RECORD SET:
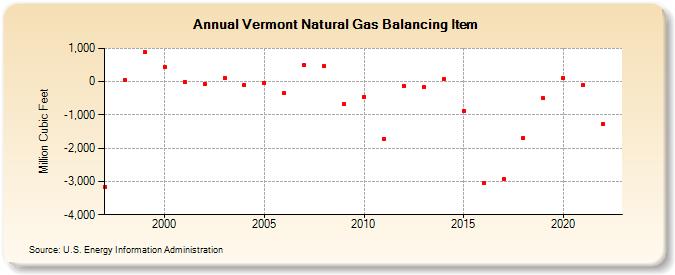 Vermont Natural Gas Balancing Item  (Million Cubic Feet)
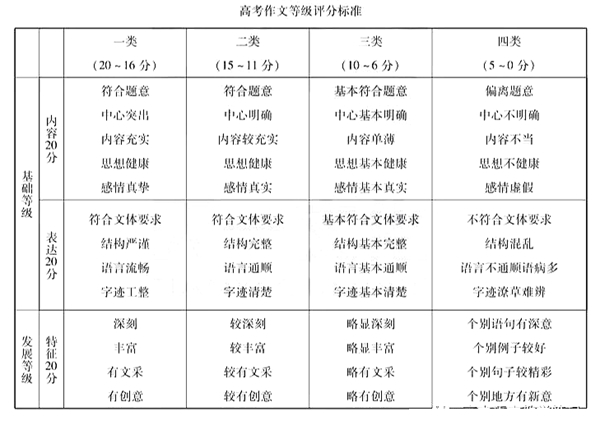 2023年天下高考作文标题标题问题大全(七套试卷完全版)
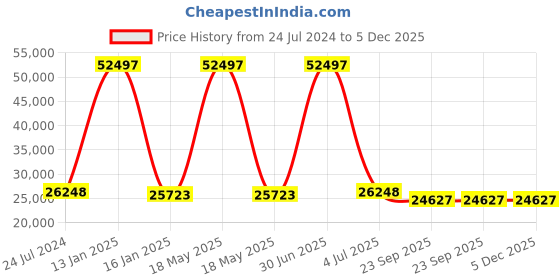 myntra.com Safiya Carpet Pink Geometric Woollen Carpets safiya carpet Price History Graph from 24 Jul 2024 to 5 Dec 2025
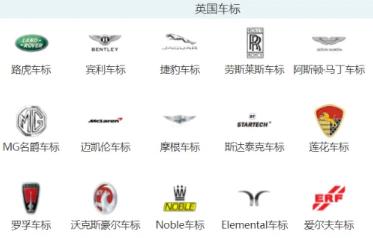 小汽车标志大全及名字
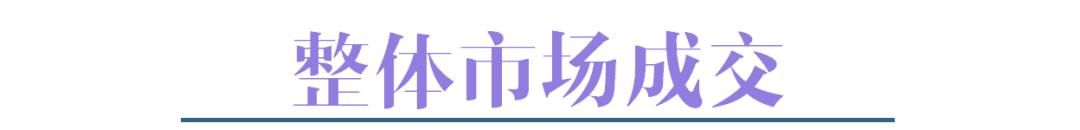 供应潮将临，厦门楼市“横盘”还会持续多久？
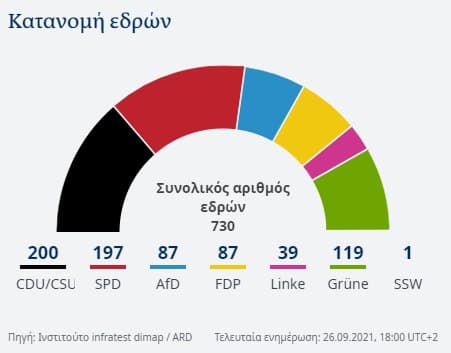 μκ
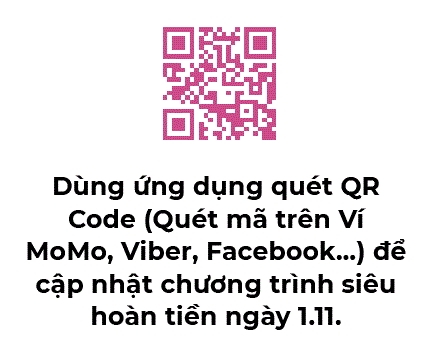 Xôn xao ngày 1.11 “siêu hoàn tiền 50%” của MoMo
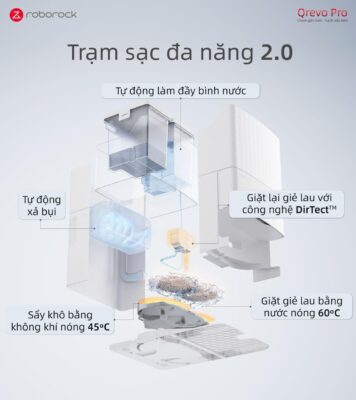 Robot hút bụi Ecovacs Deebot N30 Pro OMNI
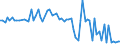 CN 5203 /Exports /Unit = Prices (Euro/ton) /Partner: United Kingdom(Northern Ireland) /Reporter: Eur27_2020 /5203:Cotton, Carded or Combed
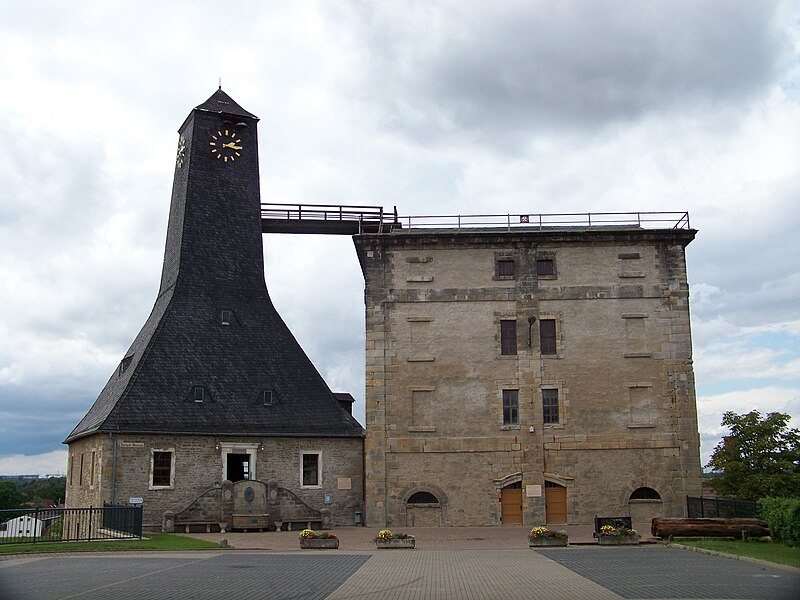 File:Bad Duerrenberg Borlachmuseum.jpg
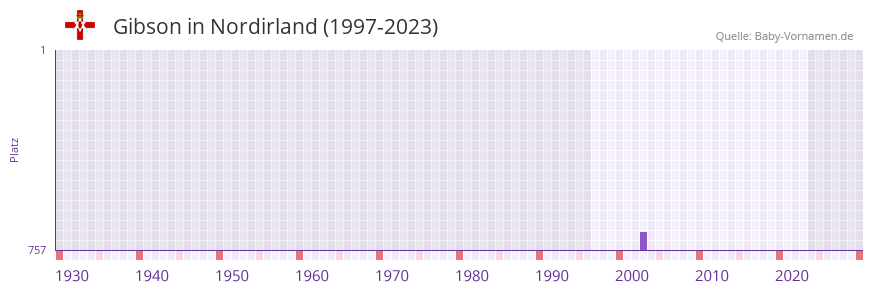 Gibson in der Vornamen-Hitliste von Nordirland (1997-2023)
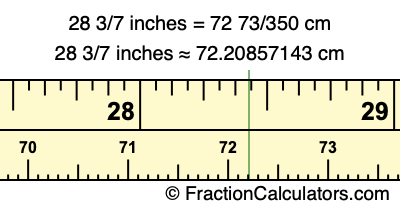 28 3/7 inches to cm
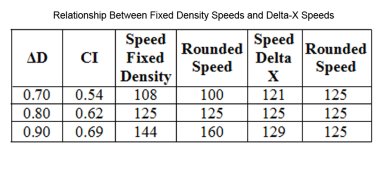 Relationship Between Fixed Density Speeds and Delta X Speeds.jpg
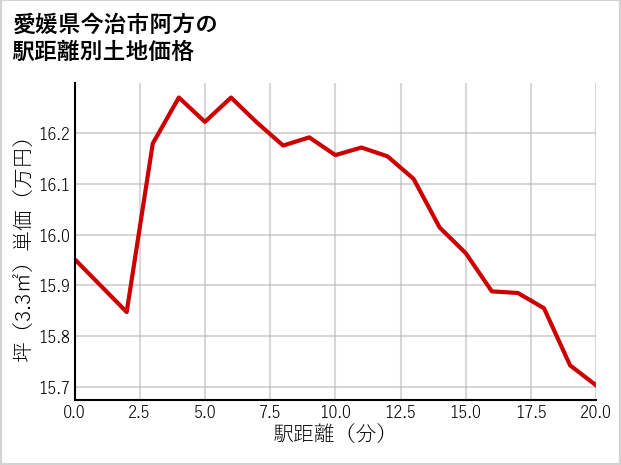 愛媛県今治市阿方の徒歩距離別の土地坪単価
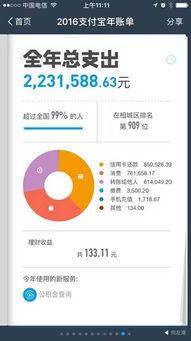 今日头条年度最牛账单,揭秘今日头条用户消费大数据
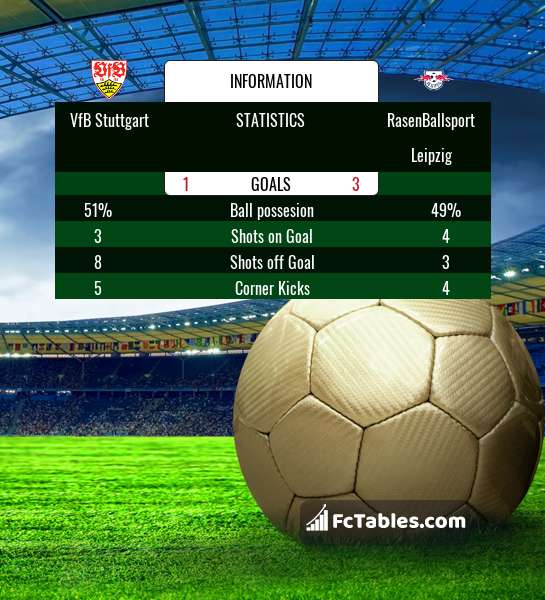 Preview image VfB Stuttgart - RasenBallsport Leipzig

TASK PROMPT: Only the lines from the one containing "愛媛県今治市阿方の徒歩距離別の土地坪単価" through the final line of the material should appear in the answer, copied exactly and without any picture.

EXPECTED ANSWER:
 愛媛県今治市阿方の徒歩距離別の土地坪単価
 今日头条年度最牛账单,揭秘今日头条用户消费大数据
 Preview image VfB Stuttgart - RasenBallsport Leipzig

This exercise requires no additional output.